Posts on Twitter may hold similar predictive power. Johan Bollen and his colleagues at Indiana University in Bloomington have created an anxiety rating based on an analysis of hundreds of millions of tweets by people in the US. Their paper has not yet been published, but Bollen says they too found that increases in anxiety on their scale correlated with lower than expected stock prices. "We're astounded," he says. "We didn't think it would be a predictive relationship."
The frequent appearance of words like 'nervous' in blogs correlated with lower stock prices
That's because very few of the tweets were actually about stock trades. Instead it seems that the messages capture the "national mood", a collective feeling known to influence trading decisions.
Such a knowledge of national mood could be useful for stock traders. They will be less likely to take risks if they know consumers are pessimistic, for example, since consumer spending is a big part of economic growth.

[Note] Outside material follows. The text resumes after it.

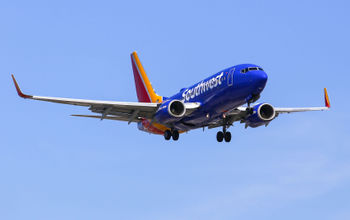 Southwest Airlines plane landing at LAX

Another group likely to seize on these kinds of predictive tools are hedge funds, for which anything that offers an edge can be worth millions of dollars. Engelberg has been analysing search engine terms to predict market behaviour and was asked to present his results to the directors of a New York-based hedge fund earlier this month. "They were very familiar with the data," he says. "I got the sense they were [already] using it."
It is likely that the predictive power of these techniques will increase as researchers develop more sophisticated methods for gauging the emotional content of blogs and tweets. For example, it may be possible for Gilbert and Karahalios to fine-tune their Anxiety Index to look at a broader range of emotional cues.
Other researchers are sceptical about the reliability of blogs and tweets, however. Paul Tetlock at Columbia University in New York studies how stock markets are prone to being influenced in unexpected ways. In 2007, he showed that the sentiments expressed in a column in The Wall Street Journal can influence stock market behaviour.
The problem with using sentiment analysis from blogs and the like, Tetlock says, is that it is only indirectly linked to trading decisions. "A person talking about anxious feelings in a blog or tweet may or may not be more averse to taking trading risks," he says. "Moreover, the people on many of these sites are kids, whose general anxiety is probably only weakly correlated with their parents' investing behaviour."
Search terms, on the other hand, are a "particularly promising" means of predicting market behaviour, Tetlock says. They are a direct measure of what people are paying attention to, and therefore likely to correlate to real-world behaviour.